Vale lembrar que essa discussão não se aplica às empresas que oferecem catálogos de obras protegidas por direito autoral, como Netflix e Spotify. Esse tipo de serviço claramente realiza atividade editorial – não é um usuário que está subindo o conteúdo, e, portanto, a plataforma é a responsável por violações. De outra parte, a discussão se aplica ao YouTube, plataforma na qual os usuários sobem vídeos que podem conter essas obras, no todo ou em parte.

O tema é muito controvertido no Brasil e no mundo. Aqui, tem prevalecido no Judiciário o entendimento do STJ de que uma plataforma como o Facebook, o YouTube ou o Twitter passam a ter responsabilidade no caso de violação de direitos autorais quando recebem uma notificação, ou seja, não têm um dever de monitoramento ou de filtro do que os usuários postam. Não existe exatamente uma jurisprudência extremamente coerente, mas é o que se depreende da leitura dos votos do caso Botelho vs. Google, e Botelho vs. Yahoo.
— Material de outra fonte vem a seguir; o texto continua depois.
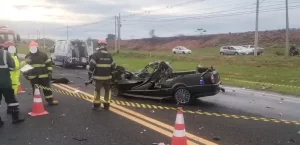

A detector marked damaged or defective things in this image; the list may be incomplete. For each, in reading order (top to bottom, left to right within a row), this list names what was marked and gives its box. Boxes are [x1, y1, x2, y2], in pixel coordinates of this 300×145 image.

severely damaged car [111, 60, 224, 105] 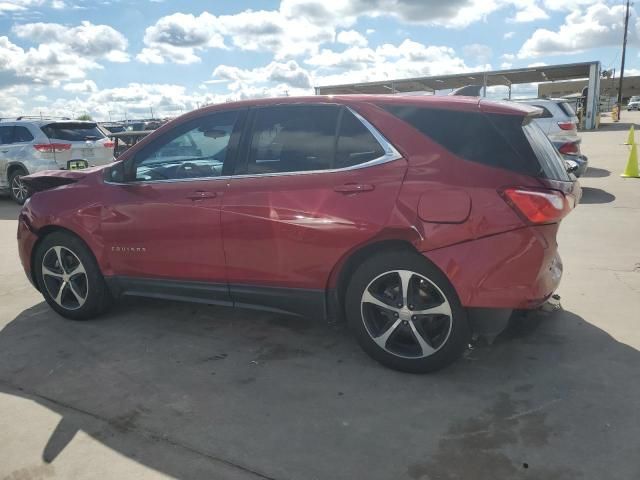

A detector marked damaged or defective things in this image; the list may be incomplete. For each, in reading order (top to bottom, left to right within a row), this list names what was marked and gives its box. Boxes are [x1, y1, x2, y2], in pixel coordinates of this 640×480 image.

Vale apontar também que essas decisões determinam à parte autora a necessidade de indicação específica da URL, para obrigar os provedores à remoção dos conteúdos em questão.
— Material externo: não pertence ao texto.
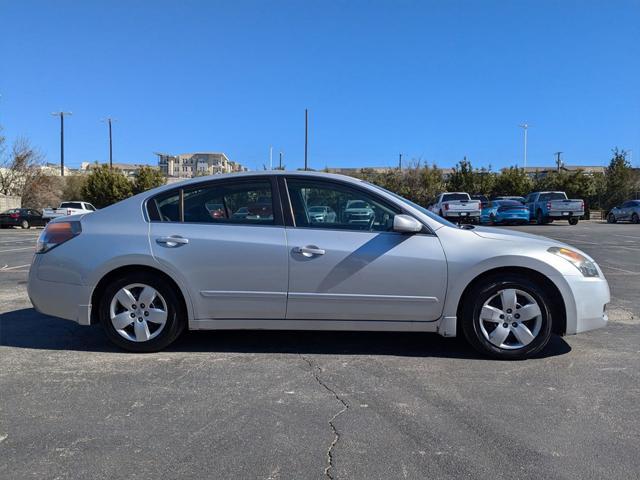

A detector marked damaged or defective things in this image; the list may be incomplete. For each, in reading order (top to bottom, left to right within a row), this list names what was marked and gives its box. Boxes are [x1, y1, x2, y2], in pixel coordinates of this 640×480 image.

pavement crack [300, 354, 350, 478]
Que modelos estão em jogo?

Em linhas largas, a responsabilização dos intermediários de internet por conteúdos de terceiros pode seguir quatro modelos:

  1. Isenção de responsabilidade: Provedor é entendido como mero intermediário entre usuário e pessoa cujos direitos são violados, e portanto não é resposabilizado.
  2. Responsabilidade objetiva: Provedor é responsável independentemente de culpa, por entender-se que a violação faz parte do risco da atividade.
  3. Responsabilidade subjetiva mediante exame judicial: Provedor é responsabilizado, mas somente após receber uma ordem judicial específica para remoção de um conteúdo e não a cumprir.
  4. Responsabilidade subjetiva após conhecimento: Provedor torna-se responsável quando toma ciência do conteúdo infringente em questão, o que normalmente ocorre com uma notificação extrajudicial.

Um modelo que se combina com o modelo n. 4 é o que se conhece por notice and notice, adotado por exemplo no Canadá, e que implica que, após uma decisão da plataforma de remover um conteúdo mediante uma notificação privada, ao usuário é dada a faculdade de contra-notificar e responsabilizar-se pessoalmente pela manutenção do conteúdo online, hipótese na qual a plataforma fica isenta. É um modelo que distribui as responsabilidades de forma a tentar contemplar tanto o detentor de direitos, que quer um mecanismo mais rápido para notificação e possibilidade de remoção de conteúdo infringente de direitos autorais, quanto o usuário e com ele o público em geral.

O modelo n. 3 é o que vale para a maior parte dos conteúdos, no Brasil, de acordo com o art. 19 do Marco Civil da Internet. O art. 21 estabelece o modelo 4 para o caso de disseminação não consentida de imagens íntimas, desde que a notificação privada venha da vítima. E, como indicamos acima, é o modelo 4 também que vem prevalecendo no Judiciário brasileiro quanto a violações de direito autoral, na falta de uma previsão legal específica. Mas há também quem argumente que existiria previsão, na lei brasileira, para se aplicar o modelo 2 para o direito autoral. A posição é bastante controvertida, por motivos de interpretação mesmo da lei, mas em especial do ponto de vista político e da consideração dos diferentes direitos em jogo.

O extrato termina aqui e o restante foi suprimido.